In January 2008 Kay died in Oklahoma. Her will was admitted to probate and her
children appointed as executors. As permitted by the trust, the trustees changed the situs of
the trust and the applicable law to Oklahoma. In April 2008 the children as executors of the
estate filed in the Oklahoma court an application for construction and/or interpretation of
testamentary documents, referring to both the will and Kay’s Trust, and requesting permission
to encumber the farm for administrative expenses and estate taxes. Steve filed a response and
objection, asserting that as a beneficiary of Kay’s Trust he would be directly affected by the
relief the executors sought, which also would defeat the trust’s directives.
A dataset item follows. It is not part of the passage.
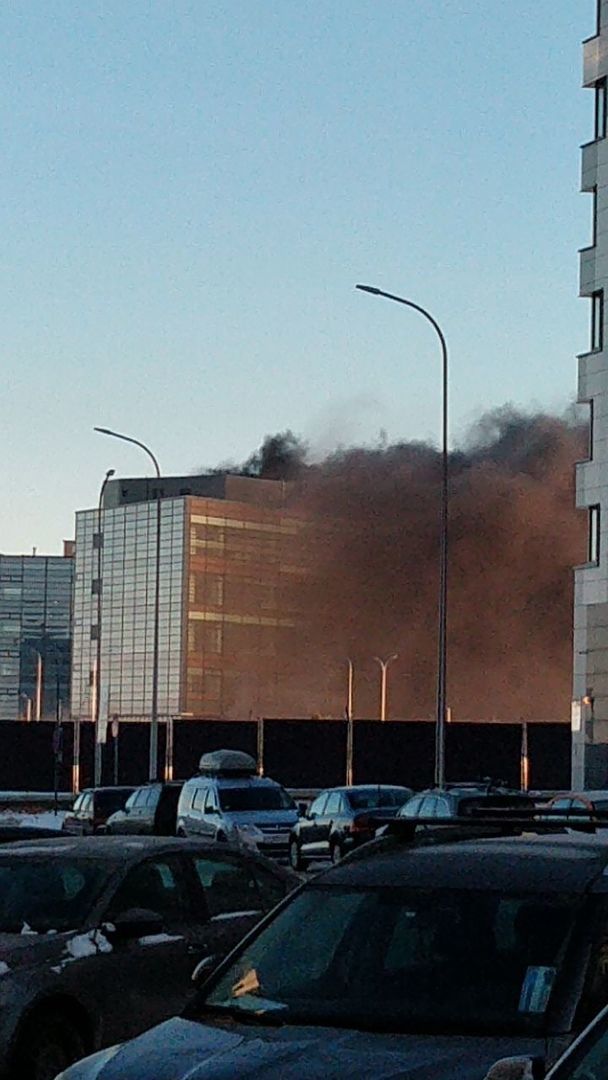 На пожаре в Иннополисе пострадали два человека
The executors
moved to dismiss his response and objection, stating that he was not a beneficiary but had a
mere expectancy based on a condition precedent. They stated that they had no intention of
creating Steve’s Trust because of their determination, which they had made after consulting
with each other as Kay’s children, that at her death there was no relationship between Steve
and her.
In August 2008 Steve filed a petition to construe the trust in the Arkansas County
Circuit Court. He asserted in the petition that jurisdiction for construction of Kay’s Trust lay
in Arkansas County because the corpus was located there and that the actions of Kay’s
children were as beneficiaries rather than trustees. He asked the court to determine that he
had a relationship with Kay at her death and to prohibit the trustees from using the farm as
-2-
Cite as 2010 Ark. App. 853
collateral. In February 2009, upon the trustees’ motion to dismiss Steve’s petition, the court
stayed the Arkansas proceeding pending resolution of the relationship issue in the Oklahoma
court.
In May 2009 the trustees requested summary judgment in the Arkansas action on the
basis that the Oklahoma court had granted summary judgment in their favor and confirmed
their decision that there was no relationship between Steve and Kay. Steve filed a response
and motion for summary judgment, asserting that Arkansas had jurisdiction because the case
involved title to Arkansas real estate and that the Oklahoma order did not constitute res
judicata or collateral estoppel.
In its September 1, 2009 order granting the trustees’ motion for summary judgment
and denying Steve’s summary-judgment motion, the circuit court found as a matter of law
that his petition to construe the trust was barred by res judicata and collateral estoppel. The
judgment incorporated a letter opinion rejecting Steve’s contention that the case involved a
determination of title to Arkansas real estate, over which the Arkansas court had exclusive
jurisdiction, and that Arkansas real estate law applied. The court noted that Kay’s Trust gave
the trustees sole and absolute discretion to determine whether a relationship existed at the
time of her death, a condition precedent to establishing Steve’s Trust. The court further noted
that “pursuant to the trust, legal title to the farm is held by the trustees and will remain so
until the assets are ultimately distributed according to the trust terms.”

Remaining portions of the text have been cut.